Sales fell by 1.2 per cent last month, commerce department figures showed on Friday. That failed to meet economists’ expectations that they would continue climbing, as purchases were pulled back by a drop in demand for building materials and customers held off on buying new summer clothes.
Retail sales have been climbing steadily in the last year, increasing by 6.9 per cent from May 2009, as consumers reaped the benefits of surging equity markets and recovering home prices. Friday’s figures tarnished some of that, and the sharpest monthly decline since last September provoked some analysts to downgrade their economic outlooks.
“This data then certainly fits with a sub-par recovery with tentative evidence of some lost momentum into the spring,” said Alan Ruskin, strategist at RBS Securities, noting that weaker consumption could dent gross domestic product projections for the coming quarter.
The disappointing data rattled US markets, with investors already feeling anxious after last week’s tepid non-farm payrolls report showed that the US economy added just 41,000 private sector jobs last month.
Ian Shepherdson, chief US economist at High Frequency Economics, said that some of the recent strength in sales was due to consumers spending their tax rebates and from demand spurred by rebates for energy-efficient appliances.
“With these effects all now gone, the weaker underlying picture is revealed,” Mr Shepherdson said.
Building materials sales crumbled in May, falling by 9.3 per cent after strong rises during the prior two months that were fuelled by homeowners fixing up their houses in the wake of a harsh winter. Car sales, petrol purchases and buying at general merchandise and department stores were also thin last month.
But in spite of the monthly decline, there were some shades of optimism in Friday’s figures.

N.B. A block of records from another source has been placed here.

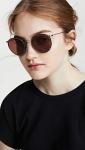 Oliver Peoples Casson Soft Gold Black Sunglasses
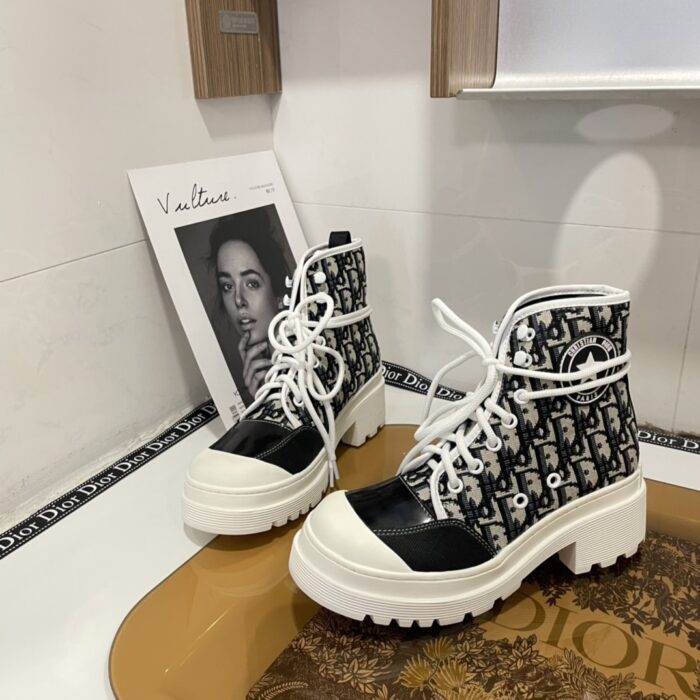 Alternative view of DIOR D-RISE ANKLE BOOT OBLIQUE MOTIF BLACK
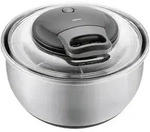 GEFU Salatschleuder PULLIT, Edelstahl, 4,5 L &Oslash; 25 cm schwarz/silber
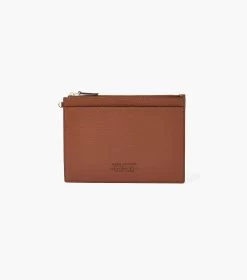 Marc Jacobs The Leather Small Wristlet ARGAN OIL -Fashion Store MJI 2S3SMP036S01 212 F8F8F8 1 1 ALT4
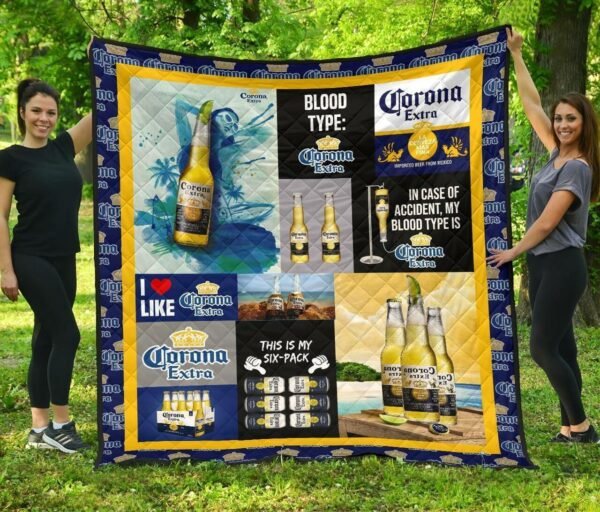 Corona Extra Blood Type Flannel Blanket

Electronics shops reported greater demand, and sales were up at sporting goods retailers and grocery stores. April’s results were also stronger than previously thought, with sales revised to show a rise of 0.6 per cent.

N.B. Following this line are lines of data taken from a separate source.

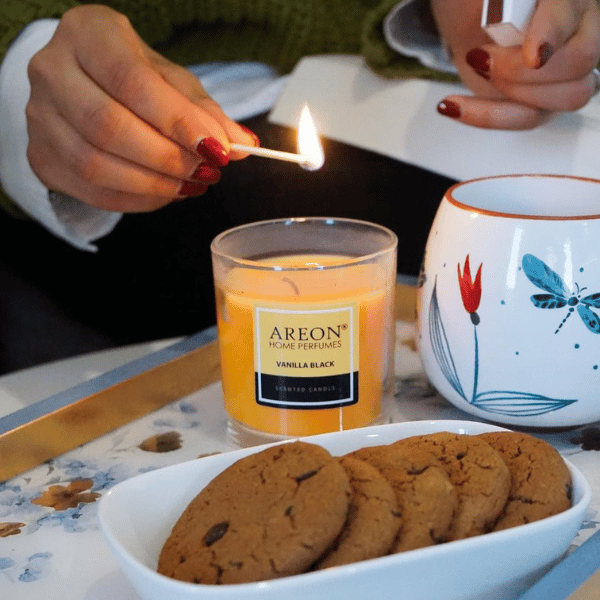 Areon Home Candle Vanilla Black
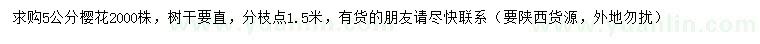 求購(gòu)5公分櫻花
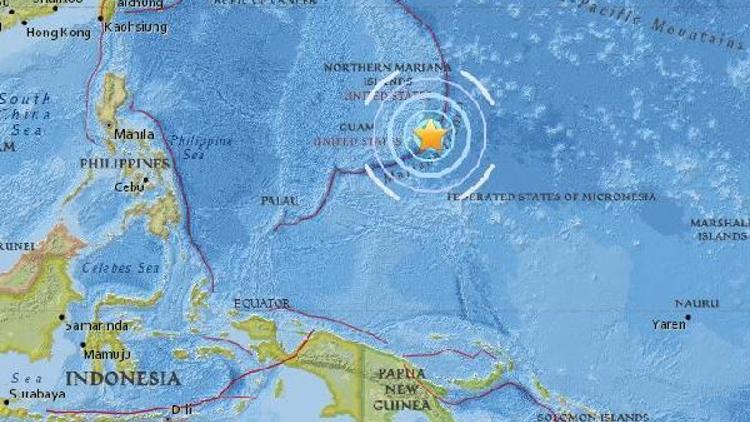 ABDnin Guam Adası yakınlarında 6.0 büyüklüğünde deprem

Some economists downplayed the May decline as the result of bad weather and a effect of a late Memorial Day holiday on shoppers.
Analysts pointed to optimism in a separate Reuters/University of Michigan survey, showing that consumer sentiment in June rose to its highest level in more than two years.
Businesses also continued to demonstrate confidence, according to the commerce department, boosting their April inventories to a 10-month high in anticipation that sales will stay strong.
“Looking forward, the growth in household labour income and the ongoing improvement in consumer sentiment should lend support to continued growth in real consumer spending,” said Michael Feroli, an economist at JPMorgan Chase.